One of Manasseh’s sons, Machir, had been given the lands of Gilead and Bashan, on the east side of the Jordan.  As ranchers and frontiersmen, they would willingly take the risk involved with being exposed to enemy attack in exchange for the freedom and space they received.  The descendants of his other six sons were more interested in the sheltered peaceable life to be found surrounded by others.

“But Zelophehad, the son of Hepher, the son of Gilead, the son of Machir, the son of Manasseh, had no sons, but daughters: and these are the names of his daughters, Mahlah, and Noah, Hoglah, Milcah, and Tirzah.

 And they came near before Eleazar the priest, and before Joshua the son of Nun, and before the princes, saying, The LORD commanded Moses to give us an inheritance among our brethren. Therefore according to the commandment of the LORD he gave them an inheritance among the brethren of their father. 

And there fell ten portions to Manasseh, beside the land of Gilead and Bashan, which were on the other side Jordan; Because the daughters of Manasseh had an inheritance among his sons: and the rest of Manasseh's sons had the land of Gilead.” (Joshua 17:3-6)

God had specified that if a man had no sons, his daughters were to inherit and carry on the family name.  In Numbers 27, Moses had given specific orders that Zelophehad’s daughters were to be given land, and at this time they approached Eleazar the priest to remind him of Moses’ instruction.  Each of the girls was given a piece of land along side their uncles, making ten portions on the west side of Jordan.

“And the coast of Manasseh was from Asher to Michmethah, that lieth before Shechem; and the border went along on the right hand unto the inhabitants of Entappuah.
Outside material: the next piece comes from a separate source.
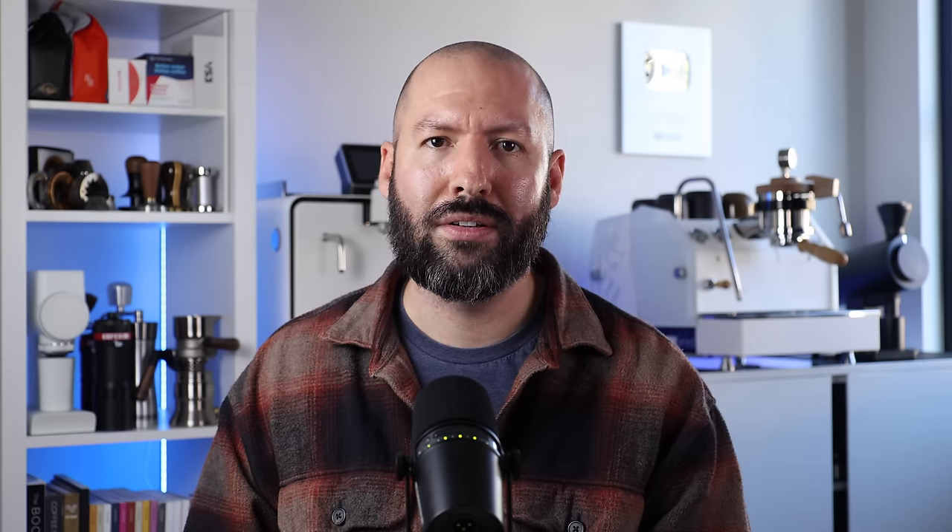And as always, I'll see y'all next week. Thanks for watching — if you enjoyed the video, don't forget to like, share, and subscribe. Hit that little bell button for notifications of new videos posted every Friday. Check out my Instagram at Sprometheus for content throughout the week, and help support the channel by considering becoming a member for early content access. And as always, stay caffeinated.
Now Manasseh had the land of Tappuah: but Tappuah on the border of Manasseh belonged to the children of Ephraim; And the coast descended unto the river Kanah, southward of the river: these cities of Ephraim are among the cities of Manasseh: the coast of Manasseh also was on the north side of the river, and the outgoings of it were at the sea: Southward it was Ephraim's, and northward it was Manasseh's, and the sea is his border; and they met together in Asher on the north, and in Issachar on the east.” (Joshua 17:7-10)

 This part of Mannaseh’s land lay to the west of Ephraim, north of the Kanah river. The area around Tappuah was technically Manasseh’s but Ephraim claimed some of the cities.  They were bounded on the north by Asher and by Issachar to the northeast.

“And Manasseh had in Issachar and in Asher Bethshean and her towns, and Ibleam and her towns, and the inhabitants of Dor and her towns, and the inhabitants of Endor and her towns, and the inhabitants of Taanach and her towns, and the inhabitants of Megiddo and her towns, even three countries.” (Joshua 17:11)

Though they were technically in Asher and Issachar, geographical features made it easier for these town to trade with and relate to Mannaseh than to their own tribes, in a manner similar to what is observed between towns in neighboring counties in the United States.

“Yet the children of Manasseh could not drive out the inhabitants of those cities; but the Canaanites would dwell in that land.  Yet it came to pass, when the children of Israel were waxen strong, that they put the Canaanites to tribute; but did not utterly drive them out.” (Joshua 17:12-13) 

Initially, Manasseh was not initially strong enough to drive out all the Canaanites.  Later, when they became strong enough, they elected to collect tribute from them instead, breaking God’s commandment.


  1. Thanks as always for the thorough Scripture exposition. I wish those that argue about Palestine's "rights" to Israel's land would read and trust in the Bible.
    Blessings to you,

    1. You are completely correct. The land claimed by the Palestinians is just a small part of the eastern edge of both Ephraim and Manasseh and most of Issachar. It was completely surrounded By the rest of Israel. If, as they claim, they are descendants of the Philistines, their land was to the southwest, along the Mediterranean Sea instead of where they presently are, and they have not been able to prove their relationship to the Philistines. They appear to be descendants of the mixed group the Assyrians relocated when they deported Israel, known in Christ's day as the Samaritans.